Te’o - the senior linebacker who was widely considered the nation’s top defensive player this season - was a nonfactor early in Monday’s national championship, and that foreshadowed how the rest of the night went for the Fighting Irish. Over matched from the opening possession, Notre Dame allowed season highs in points and yardage, simply unable to stop the Crimson Tide.

Final score: Alabama 42, Notre Dame 14.

And yes, it was that one sided of a game, one that even had Irish Coach Brian Kelly cracking a joke at his own expense in a televised halftime interview.

“All Alabama,” Kelly said at the time. “I mean, we can’t tackle them right now. And who knows why? They’re big and physical - I guess I do know why.”

Anyone who was watching knew why.

“Obviously we wish the night could have ended in a different way,” Te’o said, “but the season, the year, my career here, I’ve been truly blessed to be at Notre Dame and I’ll forever be proud to say that I’m a Notre Dame Fighting Irish, regardless of what happened tonight.”

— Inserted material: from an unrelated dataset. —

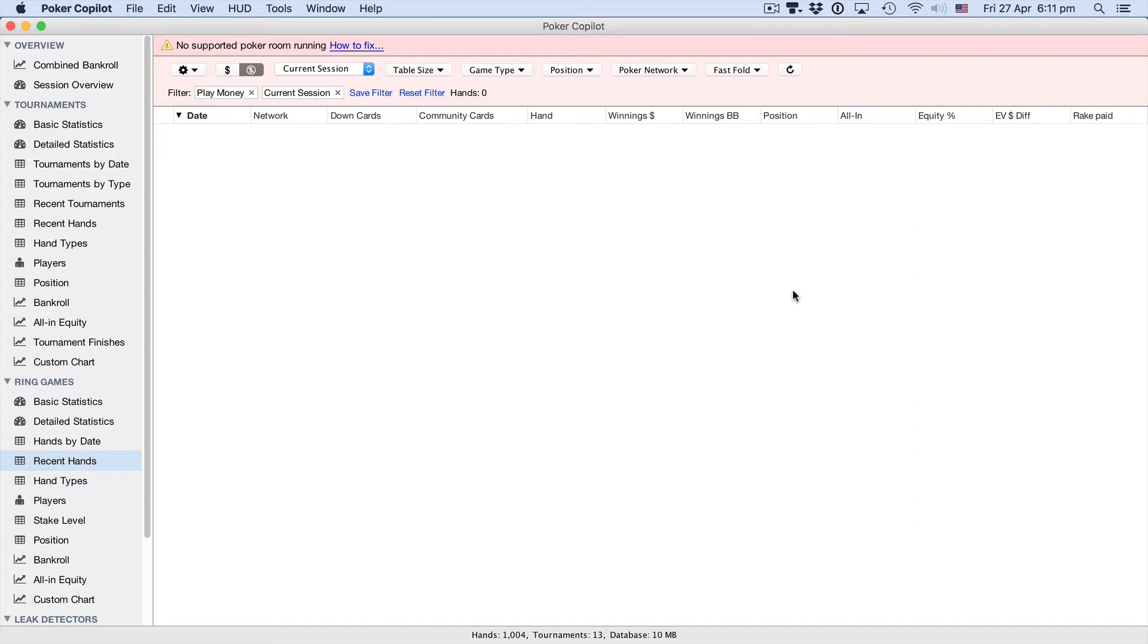Hi, this is Steve from Poker Copilot. In this video, I'm going to show you how to configure your computer so that Poker Copilot's HUD works on Poker Stars Zoom tables. It's painless, just watch, and you'll soon be running.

The low lights were stacked high by the time this game was over.

Te’o missed a couple of tackles early, something he hardly ever did this season. By halftime, when it was 28-0, the Irish had already given up more points than they had in any game this season, the previous high being 26 in a triple-overtime victory over Pittsburgh. The most yards Notre Dame gave up this season was 379; Alabama cracked the 500 mark early in the fourth quarter.

Alabama finished with 529 yards, converted 8 of 13 third downs, got five touchdowns in five trips to the red zone and became the first team since Stanford in 2009 to score at least 42 points against the Irish.

“We just needed to execute better,” safety Zeke Motta said. “It was just a matter of execution and playing the right way.”

Maybe the play that will be most replayed of all was the one where Eddie Lacy essentially tackled Danny Spond.

The significance?

Well, Lacy was the Alabama ball carrier at the time, holding the football with one arm and sending Spond- one of Notre Dame’s top linebackers - sprawling with the other as he rumbled past for an extra yard or 2.

“Pretty darn good football team, but not good enough,” Kelly said, assessing his team as Alabama’s crimson-and white-confetti-filled victory celebration was wrapping up on the field. “So it’s clear what we need to do in the off season.”

Bigger, stronger, faster. By night’s end, it couldn’t be argued that the Crimson Tide held all those titles.

It’s why Alabama will fly home today with its third national title trophy from the last four seasons, no longer a budding dynasty - but an established one.

“It’s a tough way to go out,” tight end Tyler Eifert said. “We laid it all on the line, but at the end of the day, ‘Bama was the better team.”